Participants in Experiment 2 were 140 Japanese University learners of English. Among the 140 students, data provided by 32 students were excluded because of their error rates on the semantic or form processing tasks during the entire learning session. Further, data from 19 participants were excluded because of their error rates on the LDT. Although this attrition rate is somewhat higher than in previous studies of PLE, it is important to note that these individuals were learning novel L2 words which is considerably more difficult than the earlier L1 studies. Data from the remaining 89 participants are included in the following analyses (25 participants in the semantic processing condition, 31 participants in the form processing condition, and 33 participants in the control condition). The questionnaire for their background information revealed that most of them started learning English when they were 12 or 13 years old in their school, and the majority of them had at least 6 years of formal instruction of English.Footnote 3 Only one participant reported that he had studied English only for 4 years. Their scores of the TOEIC test indicated that their English proficiency was at the intermediate level. These results suggest that the participants in Experiment 2 belonged to a similar population to those in Experiment 1. The background information of the participants in this experiment appears in Table 4.

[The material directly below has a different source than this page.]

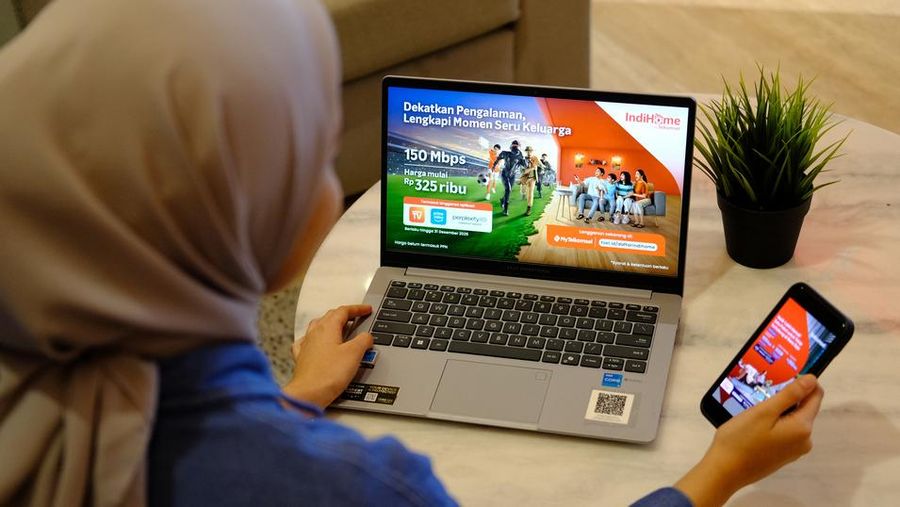 Paket Internet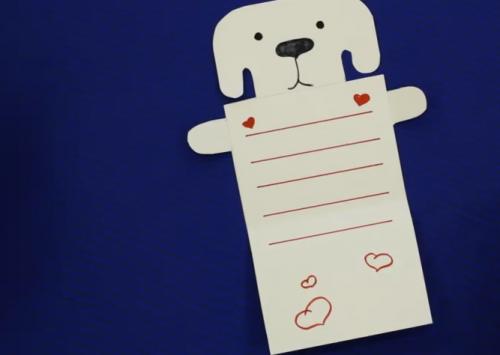 Поделка открытка для мамы. Открытка ко Дню Матери в начальной школе с шаблонами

The power analysis for Experiment 2 indicated that a sample size of 27 in each condition allowed for the detection of small to moderate (.2 or larger) effects with 80% power. Although the sample size for the semantic condition falls slightly below this value (25 rather than 27), we accepted this small difference for present purposes, especially given the nature of the results (see Results section).
Stimuli and design of the experiment
This experiment consisted of a learning session followed by a testing session. In the learning session, there were three word-learning conditions: semantic processing, form processing, and control. In both the free and cued recall tests, we expected that participants focused on form would recall more L2 words, as they would devote a greater percentage of resources to processing L2 word forms. Conversely, we expected that individuals in the semantic learning condition would recall more L1 words as they would focus on meaning, rather than form. Following the recall testing session, there were two counterbalanced conditions in the masked form priming experiment: List 1 and List 2, as was the case with Experiment 1. Therefore, there were six between-subject conditions in total. The stimuli used in Experiment 1 were also used in this experiment. Additional stimuli used in the learning session were selected as follows:
Semantically related words to the 24 prime words, which were used in the semantic processing task, were chosen by ensuring that semantic relatedness existed between the two words in the WordNet lexical database (Princeton University, 2010) or Longman Roget’s Thesaurus dictionary. When there were several candidates, words whose familiarity ratings were relatively high in Yokokawa’s (2006) English word familiarity rating list for Japanese learners of English were chosen to better guarantee that these semantically related words were known by the participants.
Formally related words used in the form processing task were the same as target words in the masked form priming LDT.
Distractor words in the semantic and form processing tasks described later in the learning session were words that were not similar to the semantically related words nor formally related words, but had the same word length and similar levels of lexical characteristics of familiarity (Yokokawa, 2006) and frequency (Balota et al., 2007) to the corresponding semantically or formally related words.
The participants were randomly assigned to one of the six between-subject conditions. The counterbalancing in the testing session was achieved in the same way as in Experiment 1.
Apparatus and procedure
The same apparatus used in Experiment 1 was used in this experiment. As described above, the experiment consisted of a learning session and a testing session. Before the learning session began, the participants were instructed to remember 24 English words and their L1 translations as best as possible. They were also instructed that they could use any strategies to learn them except for reading them aloud and writing them down. They were also informed that they would be tested afterwards about the L2 words and corresponding L1 translations but were not informed about exactly what kind of tests they would take.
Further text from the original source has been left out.